Frank, du drehst mir die Worte im Munde um und das an so vielen Stellen. Was ist los?

Zitat
Ist das so? Ist dein zentraler Gedanke progessive Texte zu schreiben? Oder ist dein zentraler Gedanke gesellschaftskritisch zu schrieben? Was ist die Folge von wem?
Wenn dir jemand sagt, deine Themen und deine Art zu Schreiben ist nicht progressiv, aber gesellschaftskritisch. Fühlt sich das besser für dich an, als wenn es umgekehrt wäre?

Ich habe doch nirgendwo behauptet, dass das mein zentraler Gedanke sei. Oder mein zentrales Anliegen (ich nehme an, das war es, was du meinst?). Ansonsten würde ich sagen: Gesellschaftskritik funktioniert in progressive und in traditionalistische oder gar reaktionäre Richtung. Neonazis sind auch gesellschaftskritisch. Aber das ist gar nicht die Richtung, die mir vorschwebt. Insofern: ja bitte, gesellschaftskritisch und progressiv. Natürlich gibt es aber Leute, die meine Texte ganz anders lesen und das ist natürlich auch legitim.

Deine Gedanken zu Erzählen und Träumen leuchten mir ein: an beidem ist das Unbewusste beteiligt. Allerdings habe ich es so verstanden, dass wir hier über Erzählstrukturen sprechen. Und rein strukturell finde ich beide Arten des Erzählens doch sehr verschieden. Oder ich stehe einfach nur auf dem Schlauch und sehe die Ähnlichkeiten nicht. Oder wir haben aneinander vorbeigeredet, weil du den Inhalt meintest und ich die Struktur. Wobei: Wenn es um die Hypothese geht, dass die Struktur unserer Texte zu einem großen Teil ebenso unbewusst entsteht, wie die Struktur von Träumen, dann kann ich da sogar mitgehen. Interessanter Gedanke ... nur in der Überarbeitung wird im besten Falle dann einiges bewusst. Oder nicht? Die interessante Frage ist, inwiefern wir überhaupt Verfügungsgewalt über die Struktur unserer Texte haben.

Zitat
Du findest konservative SF schwer auszuhalten?

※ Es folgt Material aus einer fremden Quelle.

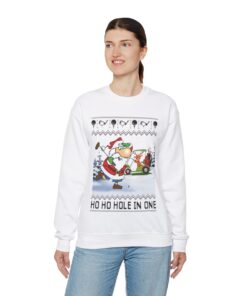 Alternative view of Santa Playing Golf Ugly Christmas Sweatshirt Womens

Du-u, Fra-ank ... das habe ich weder gemeint noch geschrieben. Ich schrieb, dass ich den Backlash schwer auszuhalten finde. Das ist schon ein sehr wesentlicher Unterschied.

Ansonsten müssten wir mal schauen, was für Retro-SF du meinst. Ursula K Le Guin? James Tiptree Jr? Douglas Adams? Stanislaw Lem? Alles alt und alles von mir sehr geschätzt, zumindest zum Teil. Aber retro meint eigentlich, dass es jetzt geschrieben wurde, sich aber beim Damals bedient. Und da verstehe ich gar nicht, auf wen du dich beziehst. Und was das mit der Erzählstruktur zu tun hat.  :dontknow: Magst du mich aufklären?